[Data extracts Boundary: Start]
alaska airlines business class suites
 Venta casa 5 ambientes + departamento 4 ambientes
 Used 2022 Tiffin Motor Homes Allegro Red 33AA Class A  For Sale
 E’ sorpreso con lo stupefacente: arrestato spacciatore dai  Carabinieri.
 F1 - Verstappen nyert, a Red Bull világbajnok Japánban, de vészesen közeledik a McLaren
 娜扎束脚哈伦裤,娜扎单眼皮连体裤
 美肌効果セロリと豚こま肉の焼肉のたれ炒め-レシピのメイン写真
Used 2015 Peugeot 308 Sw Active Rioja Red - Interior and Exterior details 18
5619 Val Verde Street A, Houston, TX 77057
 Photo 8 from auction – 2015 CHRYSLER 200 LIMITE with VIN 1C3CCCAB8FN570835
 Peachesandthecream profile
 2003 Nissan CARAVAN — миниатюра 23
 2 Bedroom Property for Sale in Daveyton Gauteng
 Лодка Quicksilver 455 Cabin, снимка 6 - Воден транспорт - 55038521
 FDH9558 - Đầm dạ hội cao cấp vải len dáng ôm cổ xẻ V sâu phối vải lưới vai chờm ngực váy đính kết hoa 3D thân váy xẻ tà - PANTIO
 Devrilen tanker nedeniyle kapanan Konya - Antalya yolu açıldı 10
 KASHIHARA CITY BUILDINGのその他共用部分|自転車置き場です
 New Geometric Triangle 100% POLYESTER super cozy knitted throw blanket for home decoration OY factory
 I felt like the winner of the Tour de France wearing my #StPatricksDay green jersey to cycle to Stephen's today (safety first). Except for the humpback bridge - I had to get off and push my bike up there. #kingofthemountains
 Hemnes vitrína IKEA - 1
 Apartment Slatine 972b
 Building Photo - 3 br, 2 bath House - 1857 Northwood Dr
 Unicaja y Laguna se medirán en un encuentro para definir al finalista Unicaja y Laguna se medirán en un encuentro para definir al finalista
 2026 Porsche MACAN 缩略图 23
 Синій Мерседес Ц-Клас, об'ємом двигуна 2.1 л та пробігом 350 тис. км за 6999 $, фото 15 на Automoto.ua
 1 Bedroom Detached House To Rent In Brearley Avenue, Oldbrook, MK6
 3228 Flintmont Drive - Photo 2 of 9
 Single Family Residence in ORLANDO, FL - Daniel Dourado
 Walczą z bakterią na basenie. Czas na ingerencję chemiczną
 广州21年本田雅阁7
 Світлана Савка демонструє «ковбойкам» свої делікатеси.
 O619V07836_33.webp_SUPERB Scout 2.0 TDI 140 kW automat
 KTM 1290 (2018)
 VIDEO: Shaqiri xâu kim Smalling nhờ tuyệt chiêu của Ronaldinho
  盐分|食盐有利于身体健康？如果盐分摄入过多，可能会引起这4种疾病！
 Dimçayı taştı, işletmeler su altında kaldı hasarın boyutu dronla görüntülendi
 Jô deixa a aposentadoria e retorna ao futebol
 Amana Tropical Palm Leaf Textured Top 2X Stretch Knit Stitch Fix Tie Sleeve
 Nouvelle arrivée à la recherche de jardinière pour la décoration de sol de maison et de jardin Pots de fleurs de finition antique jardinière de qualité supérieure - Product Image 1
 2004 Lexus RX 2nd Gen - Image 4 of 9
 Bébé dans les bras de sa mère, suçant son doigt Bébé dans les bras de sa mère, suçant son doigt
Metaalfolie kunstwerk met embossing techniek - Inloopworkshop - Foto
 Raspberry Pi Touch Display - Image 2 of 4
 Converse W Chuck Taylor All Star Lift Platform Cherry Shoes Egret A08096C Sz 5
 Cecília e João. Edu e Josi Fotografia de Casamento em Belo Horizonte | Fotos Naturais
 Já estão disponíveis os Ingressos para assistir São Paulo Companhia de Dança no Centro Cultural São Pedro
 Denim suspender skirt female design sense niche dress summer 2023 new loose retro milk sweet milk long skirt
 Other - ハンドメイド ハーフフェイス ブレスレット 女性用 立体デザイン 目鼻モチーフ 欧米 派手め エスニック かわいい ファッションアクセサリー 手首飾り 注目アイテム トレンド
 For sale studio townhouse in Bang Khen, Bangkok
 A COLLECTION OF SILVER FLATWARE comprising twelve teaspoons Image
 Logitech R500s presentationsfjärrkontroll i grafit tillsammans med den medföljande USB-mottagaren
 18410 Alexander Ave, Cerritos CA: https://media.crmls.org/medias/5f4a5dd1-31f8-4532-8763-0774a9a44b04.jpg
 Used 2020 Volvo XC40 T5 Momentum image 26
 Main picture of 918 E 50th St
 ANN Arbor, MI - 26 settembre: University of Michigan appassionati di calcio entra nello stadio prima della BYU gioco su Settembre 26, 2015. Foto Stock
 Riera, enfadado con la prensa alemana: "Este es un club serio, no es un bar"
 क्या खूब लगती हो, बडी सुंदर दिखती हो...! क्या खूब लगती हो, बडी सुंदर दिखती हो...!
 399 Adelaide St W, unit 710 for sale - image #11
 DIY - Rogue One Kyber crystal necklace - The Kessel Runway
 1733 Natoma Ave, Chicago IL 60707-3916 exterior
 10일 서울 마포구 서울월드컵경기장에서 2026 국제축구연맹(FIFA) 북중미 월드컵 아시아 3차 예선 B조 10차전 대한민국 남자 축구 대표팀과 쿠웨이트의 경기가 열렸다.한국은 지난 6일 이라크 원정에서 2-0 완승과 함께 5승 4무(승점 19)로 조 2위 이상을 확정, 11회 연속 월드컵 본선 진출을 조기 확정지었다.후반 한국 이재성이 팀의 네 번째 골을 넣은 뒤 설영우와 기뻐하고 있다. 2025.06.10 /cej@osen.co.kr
[Data extracts Boundary: End]
The word "Photo" appears in some of the lines above. Copy those lines.

 Photo 8 from auction – 2015 CHRYSLER 200 LIMITE with VIN 1C3CCCAB8FN570835
 Building Photo - 3 br, 2 bath House - 1857 Northwood Dr
 3228 Flintmont Drive - Photo 2 of 9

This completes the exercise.